It's inevitable. Whether it comes about through retirement, sale, merger, death, new investment or dissolution of a partnership, the ownership of a medical practice is going to change. The challenge is to be ready when it happens.
"One of the major shortcomings of physician leaders is planning for succession," says Dan Gregorie, M.D., a nonpracticing internist in Castine, Maine, who consults with medical groups on outcomes and practice valuation.
"I have seen very few physician organizations where succession has been dealt with intelligently and effectively," Gregorie says. "Physicians used to be much better educated about organizational development and governance. It takes a big investment. Unfortunately, that investment often doesn't get made."
The investment in preparing for a change in ownership or management involves both time and money.
Elisabeth Houston, vice president of Greenway Consulting in Chicago and a former practice management specialist at the AMA, advises that the earlier planning starts, the better.
"Instead of coming up to retirement age and saying, 'Uh oh,' you can start five, 10, 15 years in advance of when you want to get out," she says. "You're not so much at the mercy of the practice at the time you want to get out."
To safeguard the future of the practice, Gregorie tells physician managers to develop successors by first identifying those in the group with leadership potential and then building support for those candidates among colleagues. CEOs should not handpick the next generation without the input of board members or directors, Gregorie says.
"Most docs want a stable business and clinical environment in which to practice," he says. A unilateral decision can create resentment among other officers and practitioners.
Finding suitable successors also can assure existing patients that they will receive quality care after their current physician retires.
"You ought to have a conscious, well-managed plan to retain those patients," Gregorie says.
If a physician is an employee of a large group practice or health system, the employer may already have retirement policies in place. But if the retiring physician has an equity stake in the group, the value of his or her share of the practice is a key concern.

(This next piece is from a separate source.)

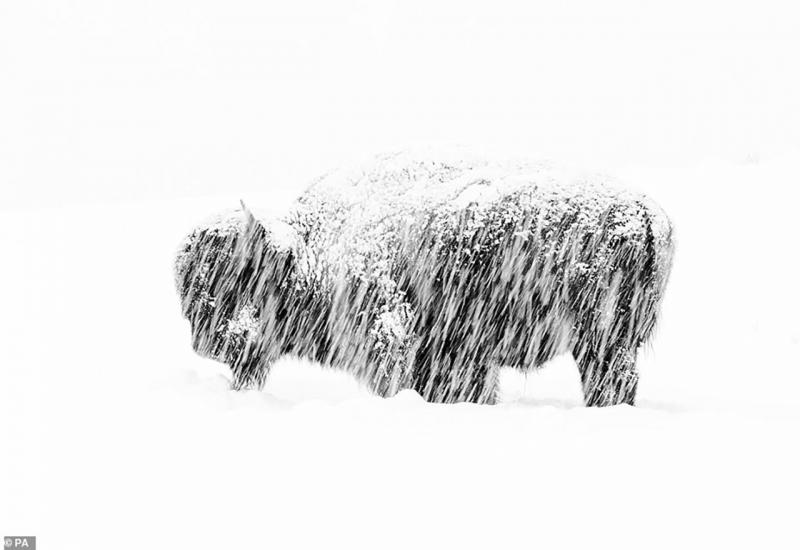 Izloženost snijegu - Zadivljujuće fotografije divljih životinja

Determining value is not an easy process, experts say, and gross revenue is not the only yardstick.
A physician may generate $400,000 in gross charges in a given year, but only a fraction of that amount could end up in the doctor's pocket. Managed care discounts, low Medicare and Medicaid reimbursement rates and bad debts could reduce net revenue to $250,000. More than half of that could go to overhead.
Don Barbo, senior associate at Value Management Group, a company in Dallas and Nashville, Tenn., specializing in medical practice valuation, often finds it difficult to explain this concept to physicians.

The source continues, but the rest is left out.